A few people who’ve read Dissonance this year claimed to enjoy my writing style. Some have asked how I manage eloquent prose. When posed with that question, my first instinct is to argue (“It’s not that great!”) My second is to urge people to read classical literature, because it makes noticeable changes in your style.
If my writing is eloquent, I can’t think of another reason: I simply visited the masters and learned from them.
All my literary heroes are dead. If you were to ask me about a favorite modern-day author, I wouldn’t know what to tell you. I fangirl over writers who got published hundreds of years ago; I find so much meaning in old literature.
Earlier this month, a friend asked that I guest blog for them about what classical literature is to me. That post is not out yet, but check Brett’s blog in the next couple of weeks! The request made me stop and reflect on why I love old books and admire authors from long ago.
My guest post has seven points, so keep an eye out for the link! However, I wanted to share three things right here that I love about classical literature:
1. The writing. The English language is always evolving. New words are invented and others forgotten. If you want to know how people spoke centuries ago, find an old book where the language is frozen in time. It gives soul to the book we’re reading; it opens a door for us to step back.
If you can muster the patience to look up big words, it’s rewarding to immerse yourself in literature from the past. Your vocabulary expands, making your writing eloquent; you see the world differently.
It’s worth giving these gems a chance; they’ve likely been neglected by society’s short attention span. You may be one of the only people to read a particular book, making it your treasure to find!

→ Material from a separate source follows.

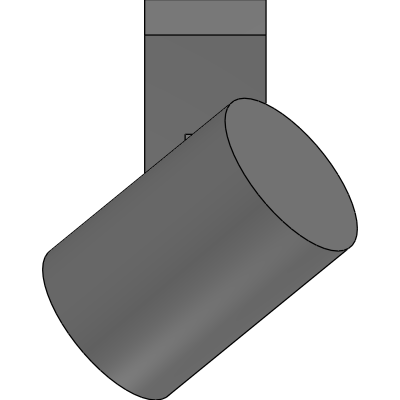 Cylo - Architectural Track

2. The timelessness. Classical literature retains the tension, sadness, confusion–whatever the mood at the time it was written. You’ll experience politics as it was in the 1800s. You’ll travel with people on horses or in carriages; you’ll see what it was like to work in a factory, or give up your life for a revolution.
Classics maintain different lifestyles and ideologies which may be outdated now, but once were followed faithfully. Life was different, and an old novel captures our world as it was long ago.

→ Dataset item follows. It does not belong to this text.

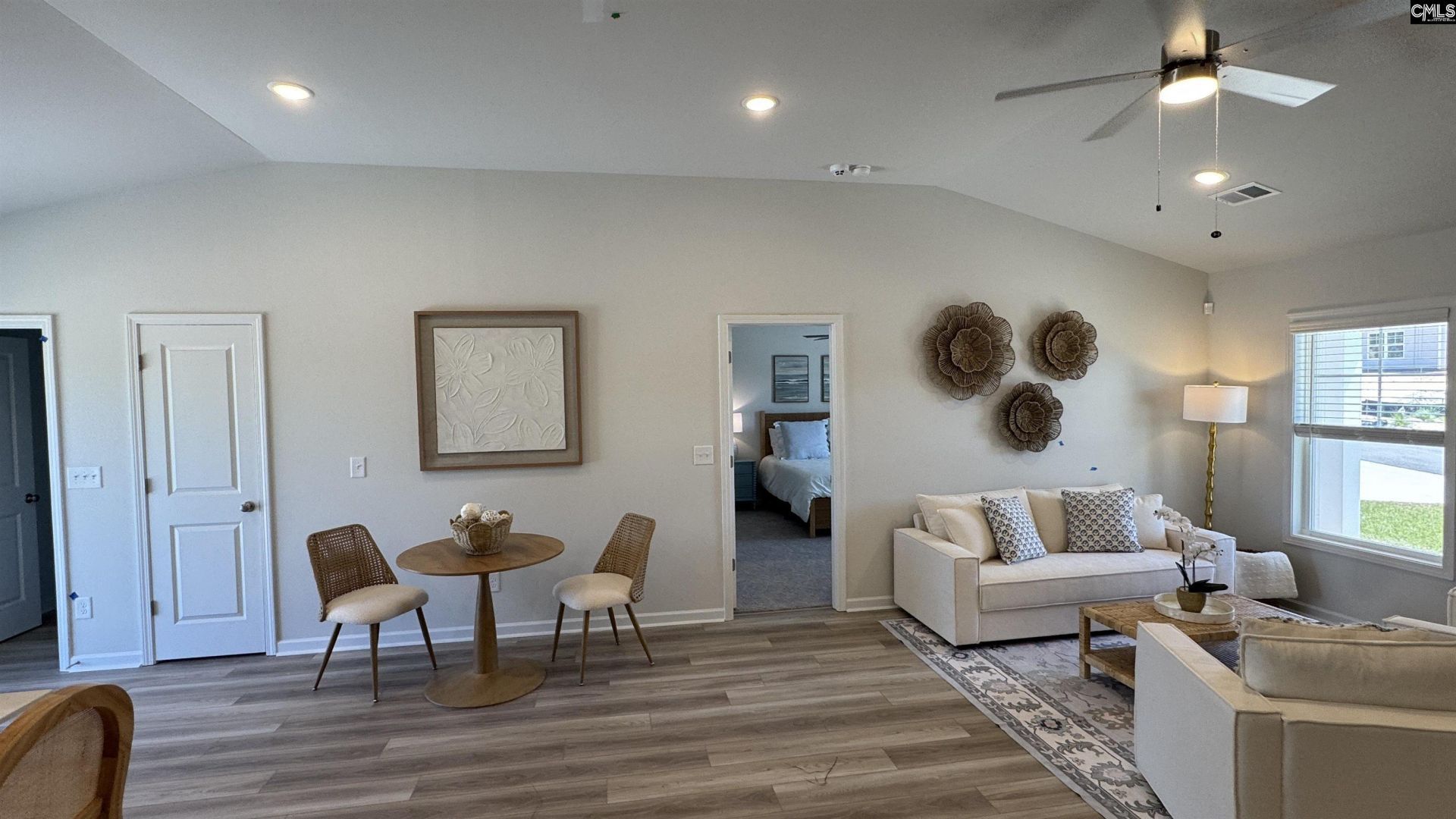 620 Silica Court Photo 18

3. Second chances. This is the most important point to me: Each time you read a book by a dead author, you give them another chance to be heard.
Log onto Gutenberg or ManyBooks.net and dig into the archives. Find a name you’ve never heard, not even in your English class; pick a topic you know little about. Go random! Look up things such as etiquette or French cuisine and let a master from back then tell you how it was done.
Spend some time with an author who dedicated years of their life to writing a masterpiece. Every time you read a book by someone who’s dead, you give them a second chance at life–and if you take their words by heart, they’ll never really die.
Do you read classical literature? If the answer is no, then why? Maybe you haven’t found the right book yet–check out the links above and maybe you’ll find an adventure of your own!